— Exercise prompt —
Set down exact lines only, from the line with "Dressy Daisy Girls'" through the last line of the material below, with every picture left out.

— Given data —
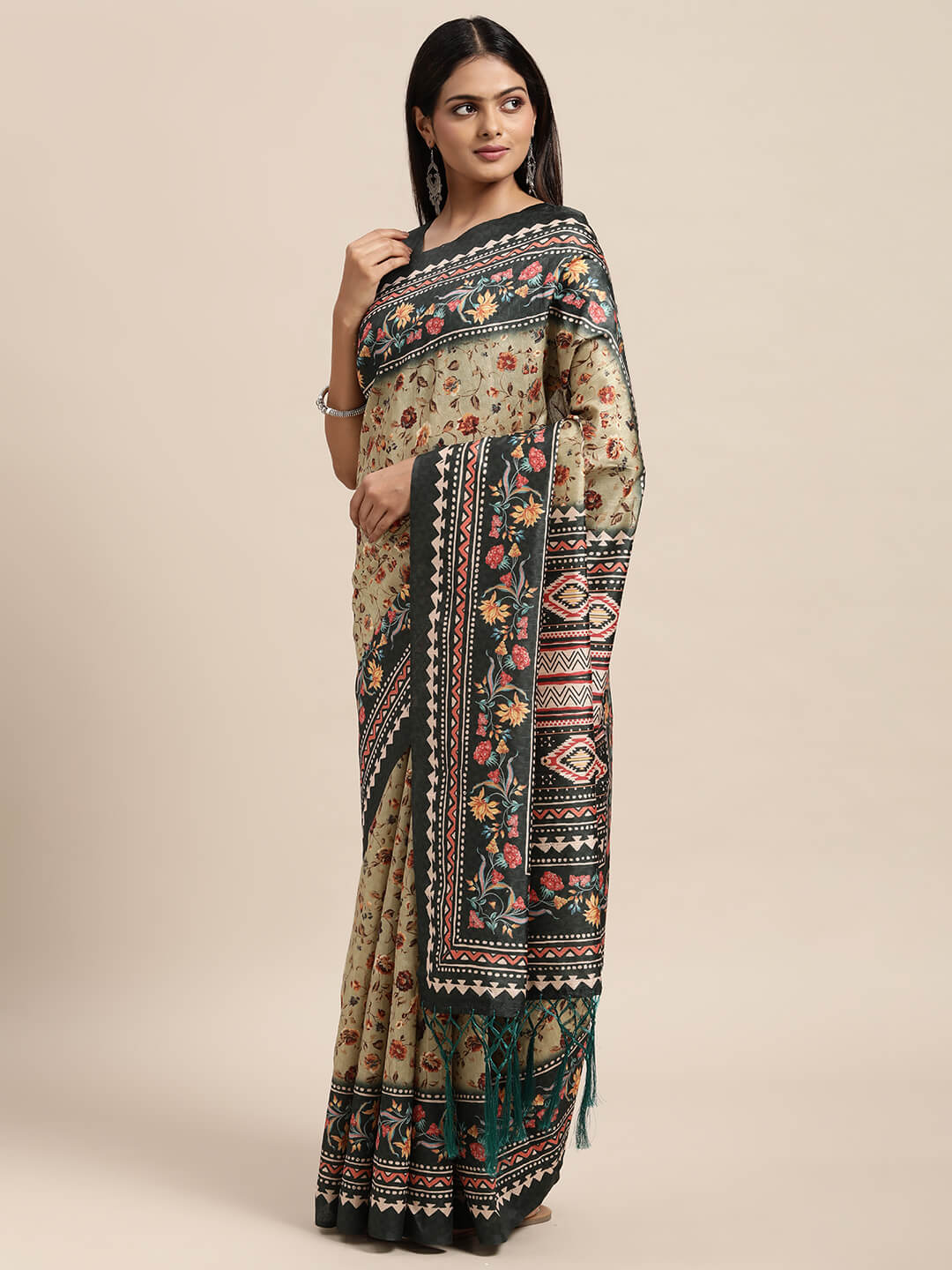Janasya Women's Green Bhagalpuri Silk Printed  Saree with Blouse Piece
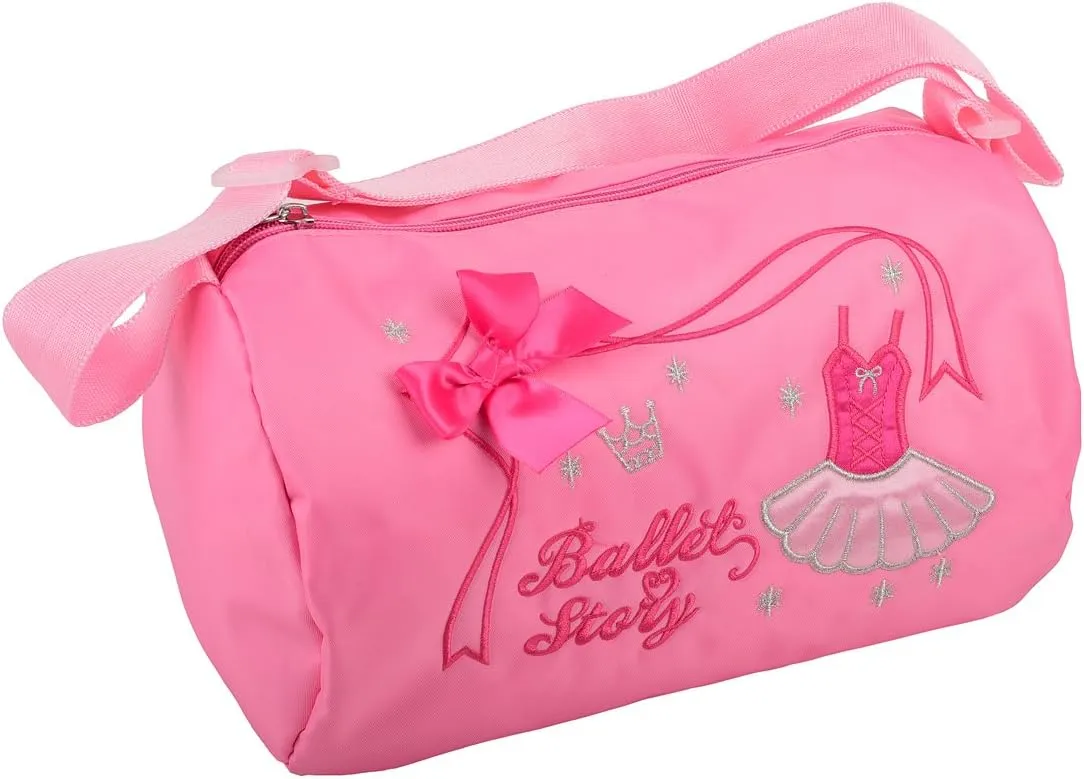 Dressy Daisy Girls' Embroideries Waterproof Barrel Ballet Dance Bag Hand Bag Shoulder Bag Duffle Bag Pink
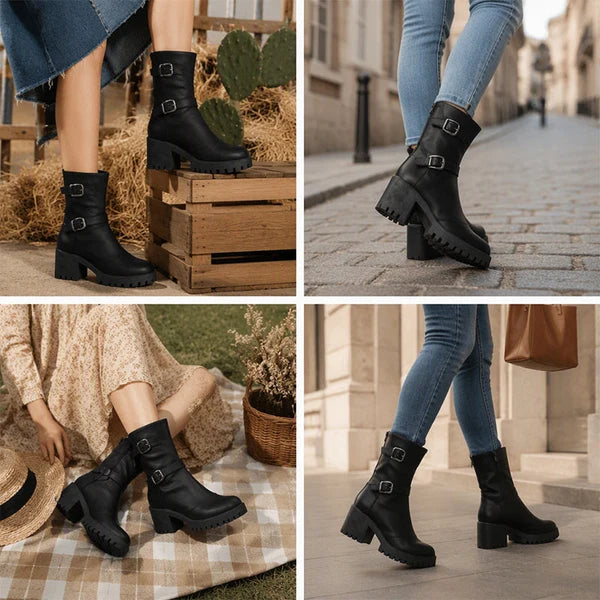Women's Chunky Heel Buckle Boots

— Result below —
 Dressy Daisy Girls' Embroideries Waterproof Barrel Ballet Dance Bag Hand Bag Shoulder Bag Duffle Bag Pink
Women's Chunky Heel Buckle Boots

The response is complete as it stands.